Reproduce only the lines that begin at the line with "Josiane Alves Pereira" and run to the end of the entries; omit every picture.

§ Record extracts
*****

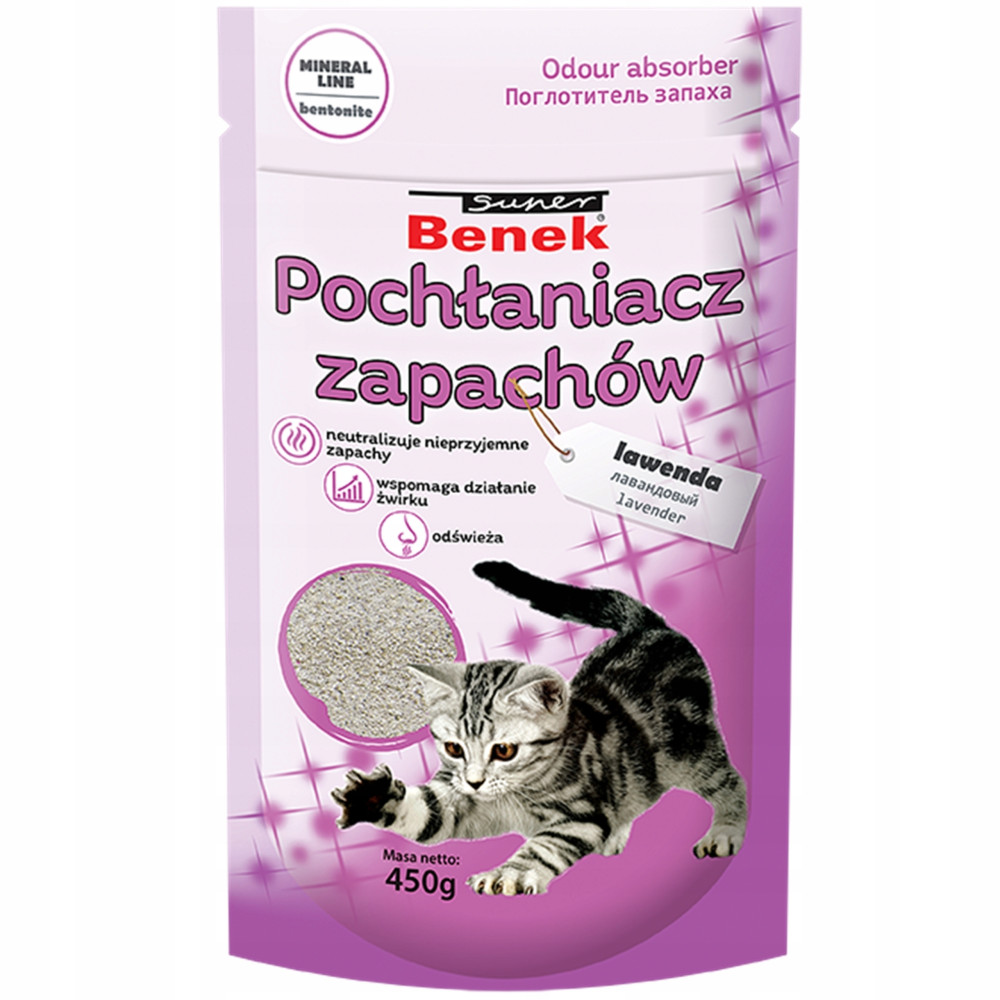 Sacchetto assorbi odori per lettiera per gatti con profumo di lavanda e un gatto.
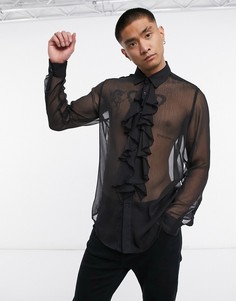 Черная фактурная рубашка классического кроя с оборками на груди ASOS DESIGN-Черный цвет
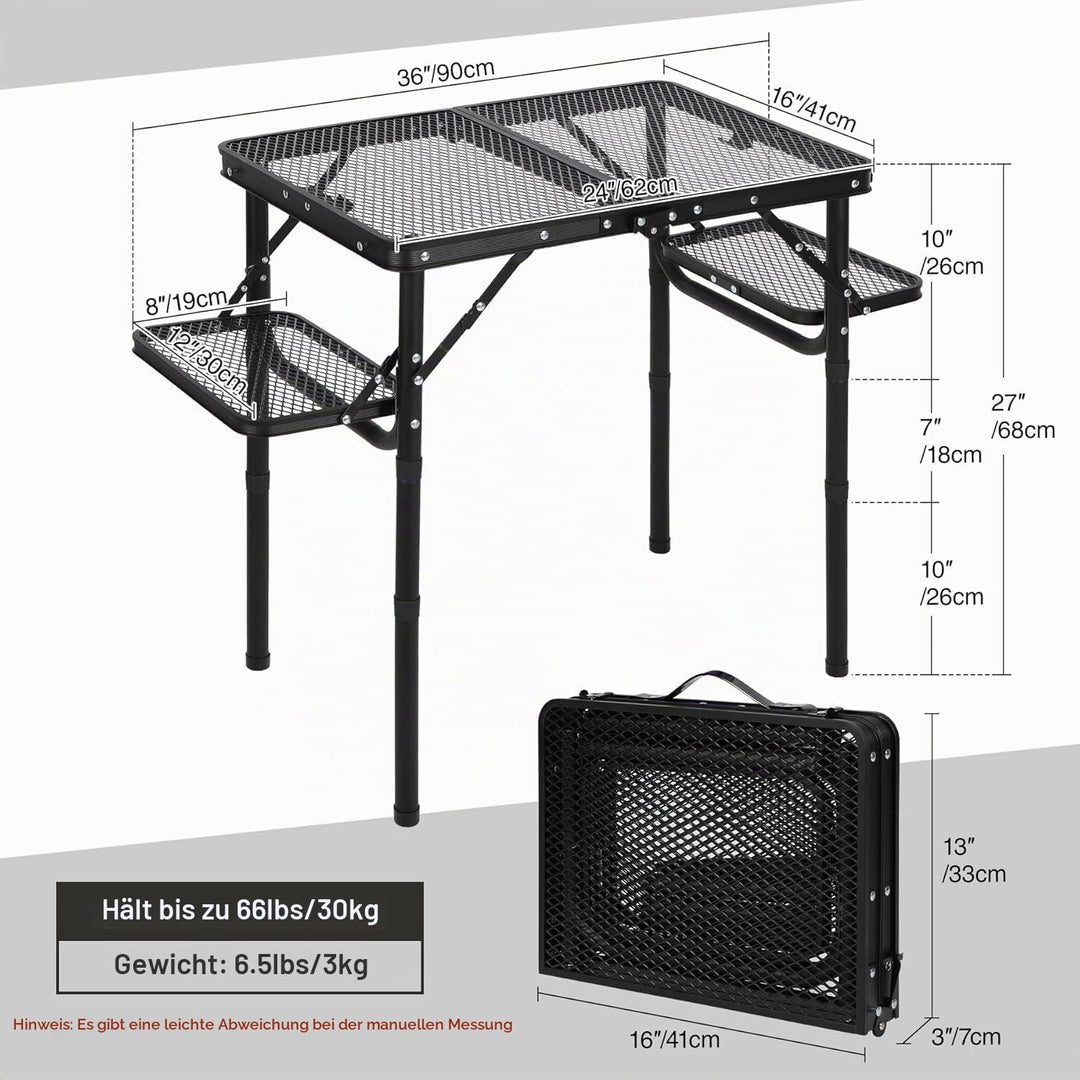 REDCAMP Tragbarer Campingtisch Klapptisch mit 4 Verstellbare, 90x41cm Klappbarer Multifunktionstisch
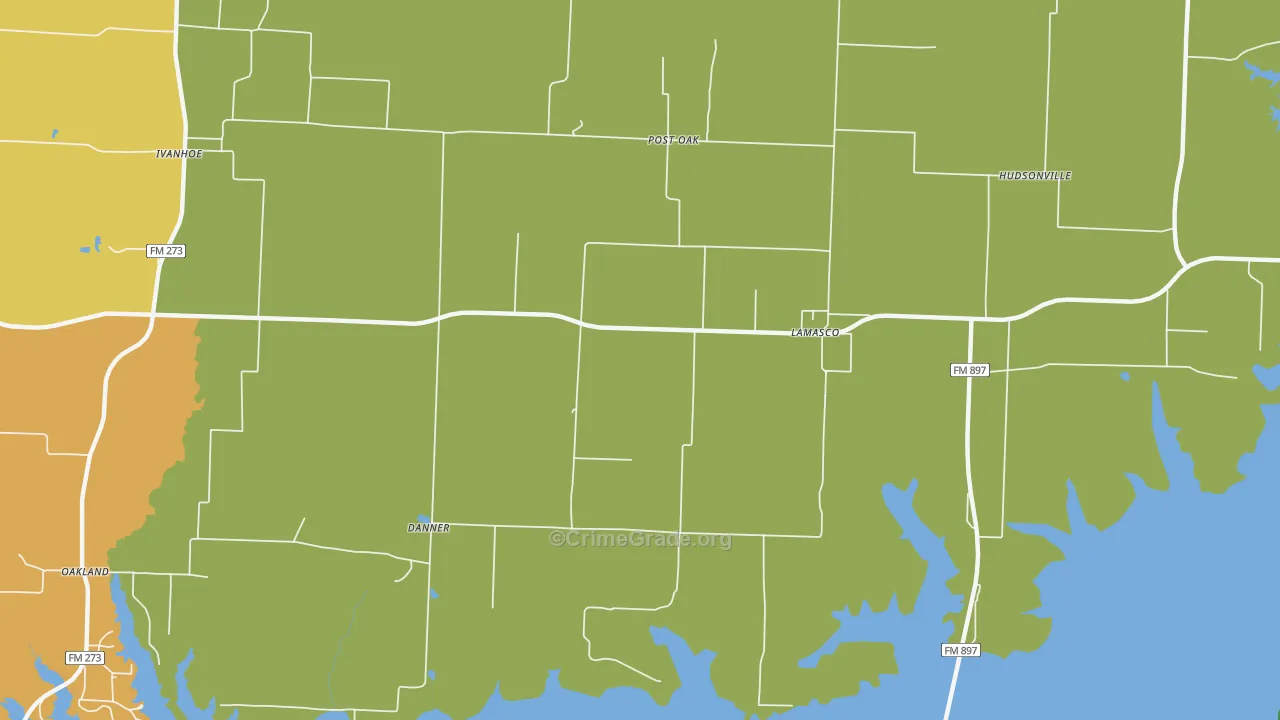 Lamasco, TX Map of Theft Rates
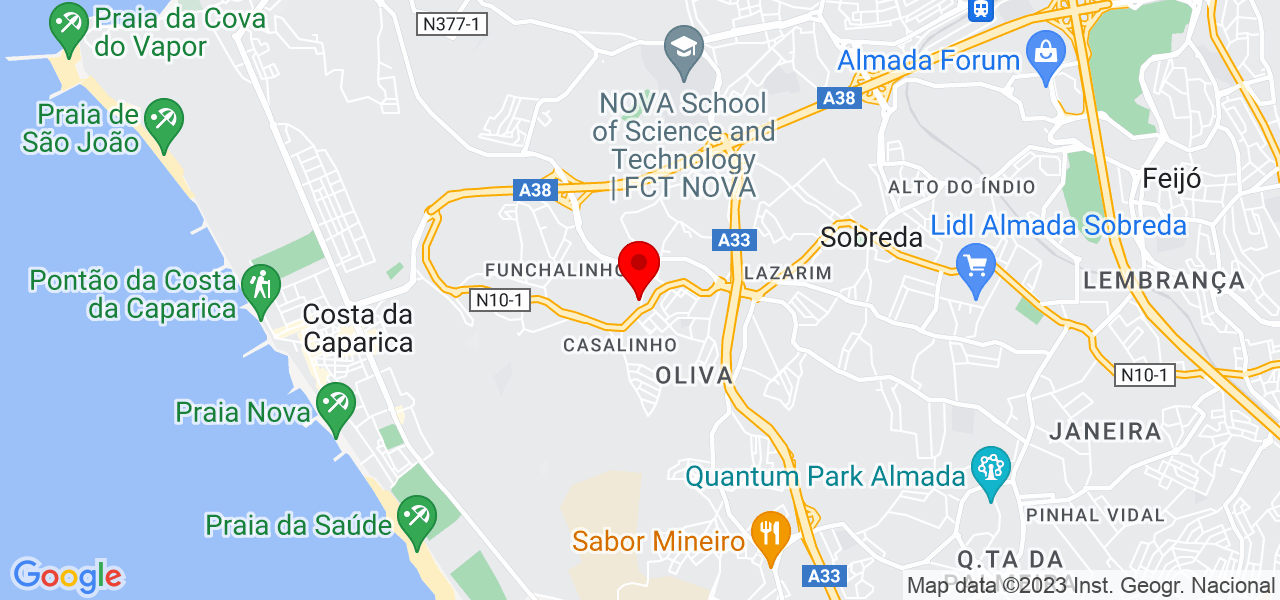 Josiane Alves Pereira Fernandes da Cunha - Setúbal - Almada - Mapa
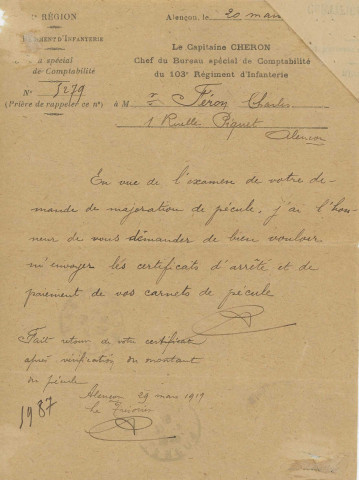 Demande de majoration de Pécule (29 mars 1919).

*****

§ Finished exercise
 Josiane Alves Pereira Fernandes da Cunha - Setúbal - Almada - Mapa
 Demande de majoration de Pécule (29 mars 1919).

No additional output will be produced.